##### EXTRACTED INFORMATION

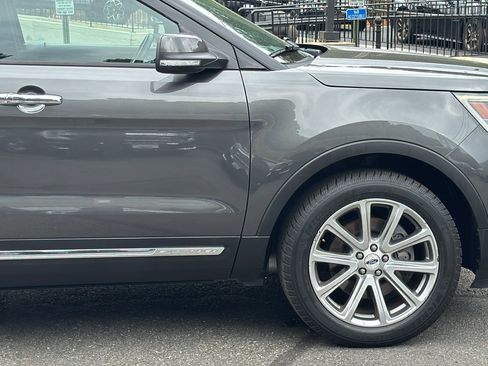 Used 2017 Ford Explorer Limited AWD/4WD image 5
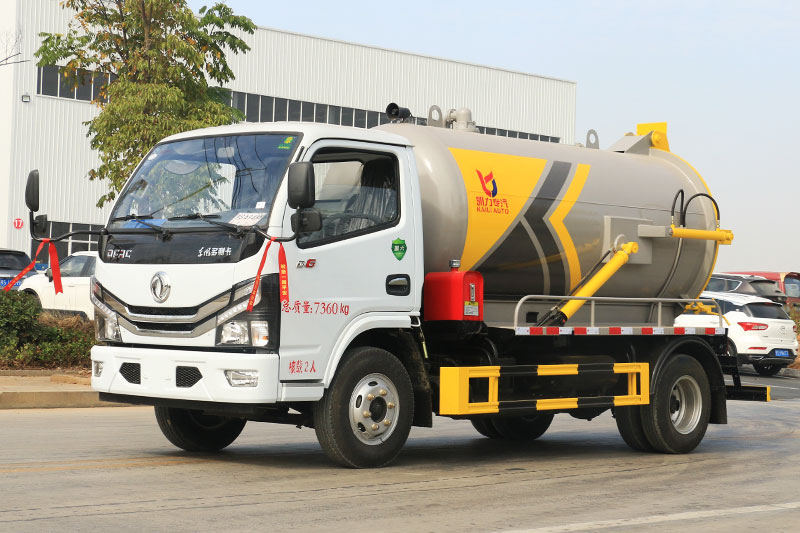 東風小多利卡吸污車 4.5方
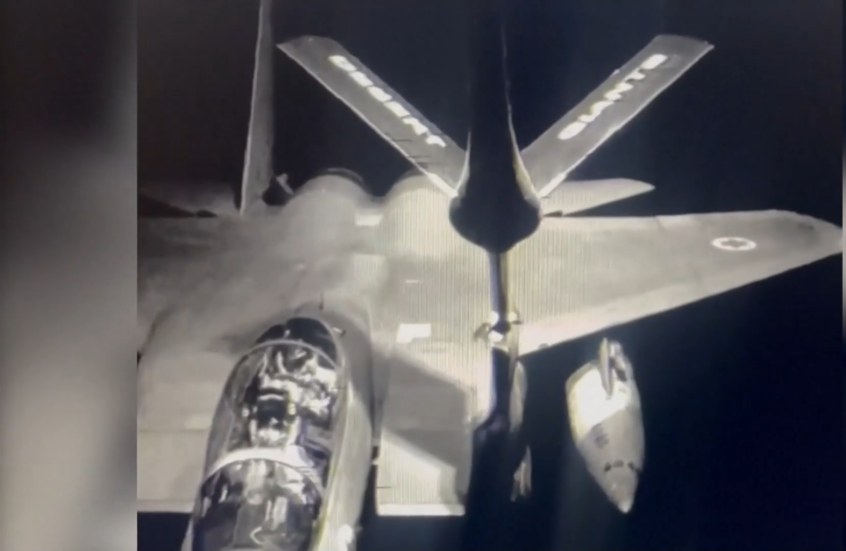 مشاهد لمقاتلات إسرائيلية تشن غارات ليلية على اليمن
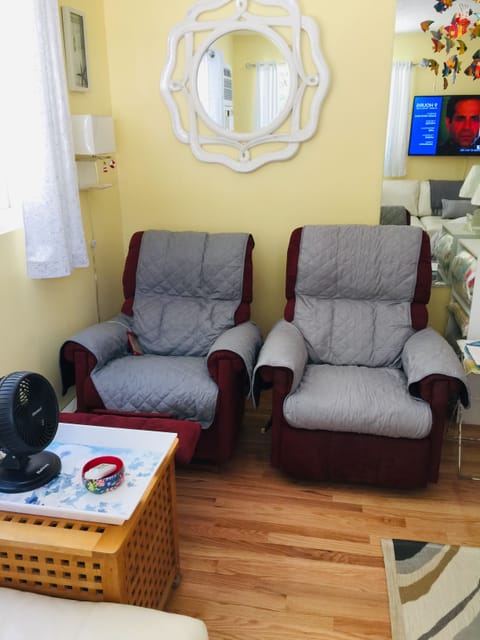 Two La-Z-Boy recliners...home away from home!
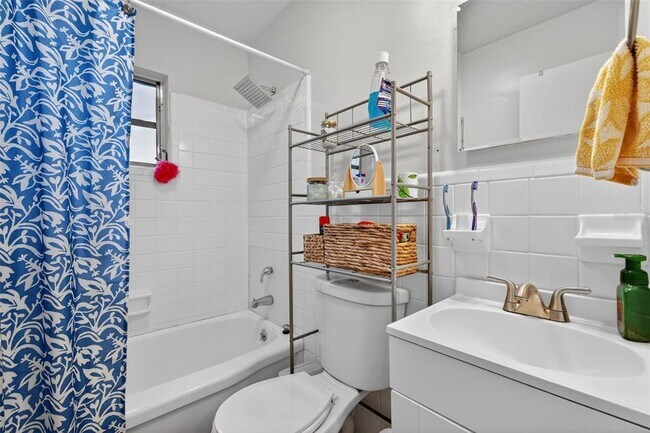 Building Photo - 4273 Elkcam Blvd SE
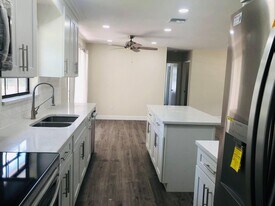 13618 51st Pl N in West Palm Beach, FL - Building Photo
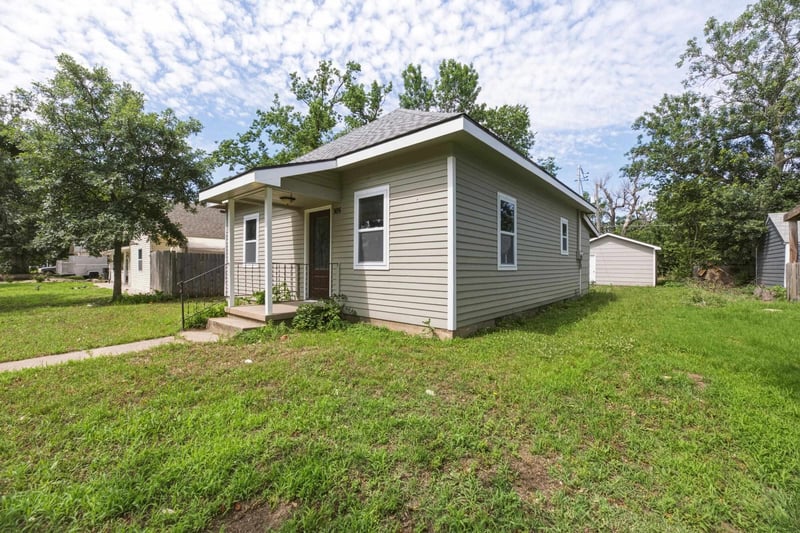 305 S Reno, Burrton, KS 67020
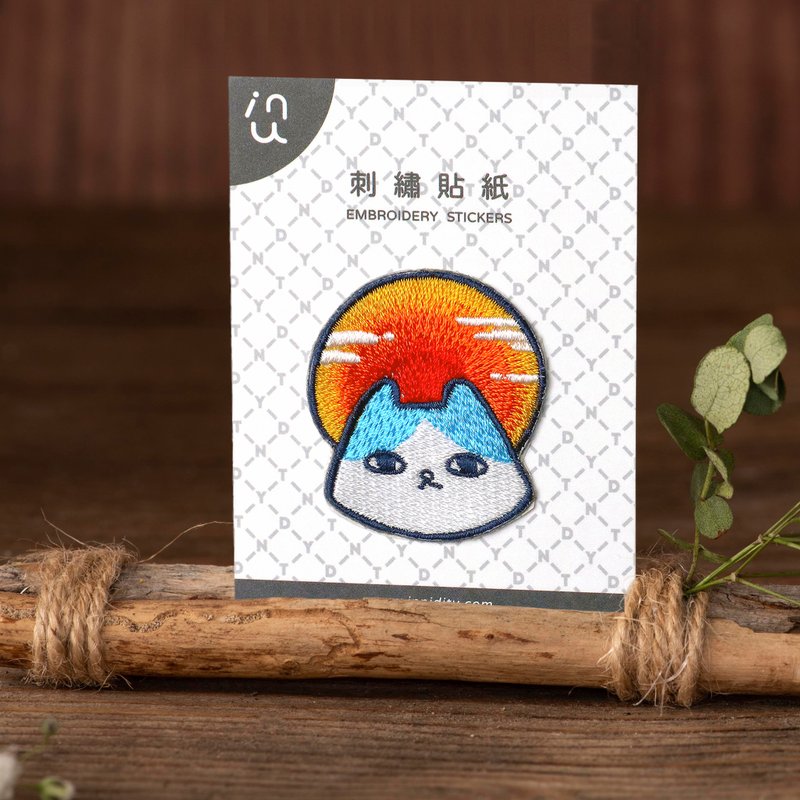 貓與富士山 / 日系 / 刺繡貼紙 - 貼紙 - 繡線 多色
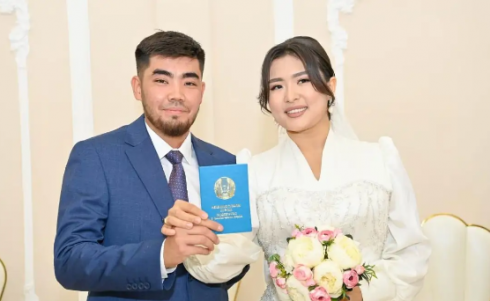 Число казахстанцев, состоящих в браке, увеличилось на 1,6 млн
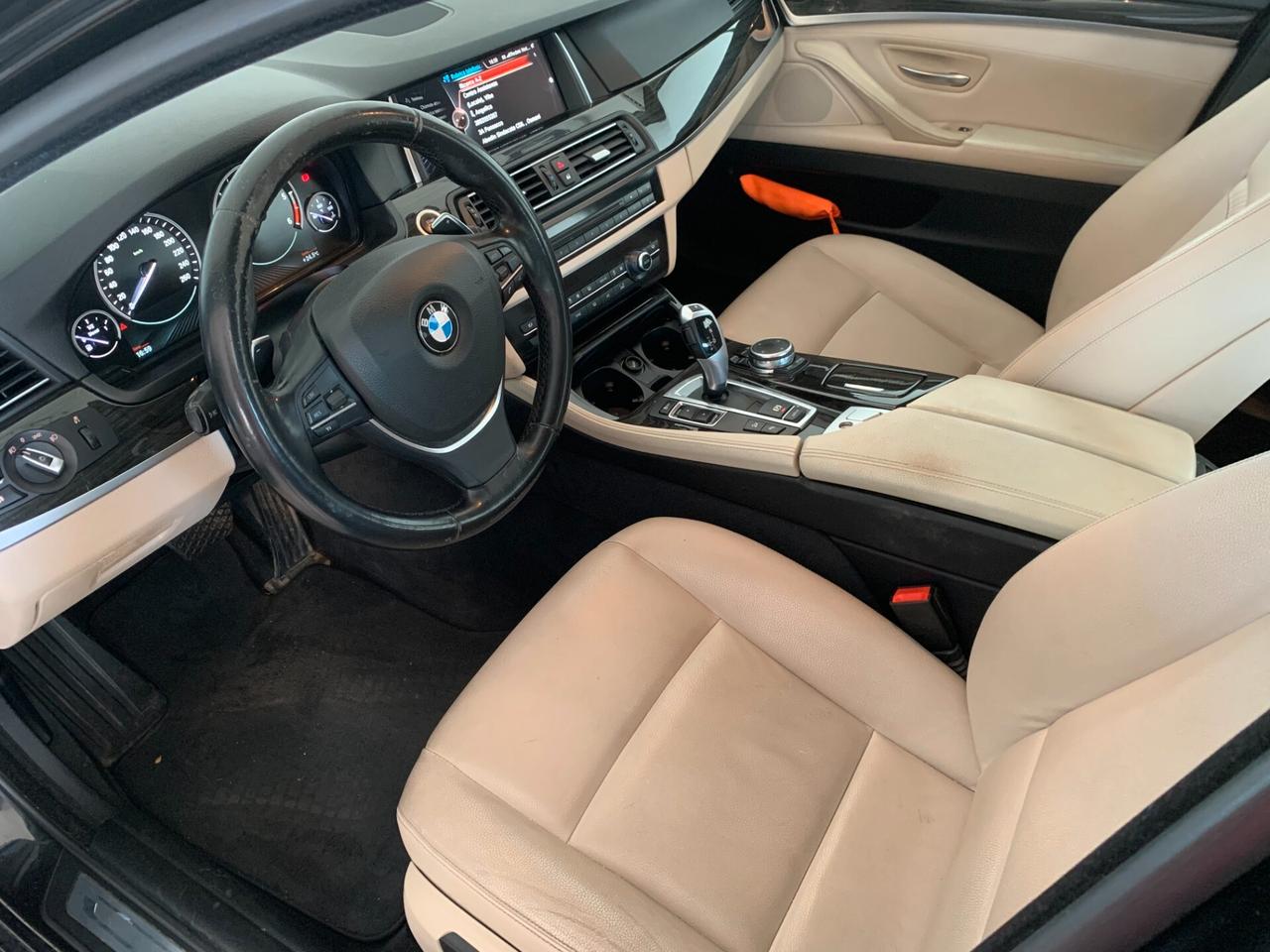 Bmw 520d xDrive Touring Luxury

##########

EXERCISE OBJECTIVE: All of the entries above need to be repeated exactly, minus the pictures.

COMPLETED TASK:
 Used 2017 Ford Explorer Limited AWD/4WD image 5
 東風小多利卡吸污車 4.5方
 مشاهد لمقاتلات إسرائيلية تشن غارات ليلية على اليمن
 Two La-Z-Boy recliners...home away from home!
 Building Photo - 4273 Elkcam Blvd SE
 13618 51st Pl N in West Palm Beach, FL - Building Photo
 305 S Reno, Burrton, KS 67020
 貓與富士山 / 日系 / 刺繡貼紙 - 貼紙 - 繡線 多色
 Число казахстанцев, состоящих в браке, увеличилось на 1,6 млн
 Bmw 520d xDrive Touring Luxury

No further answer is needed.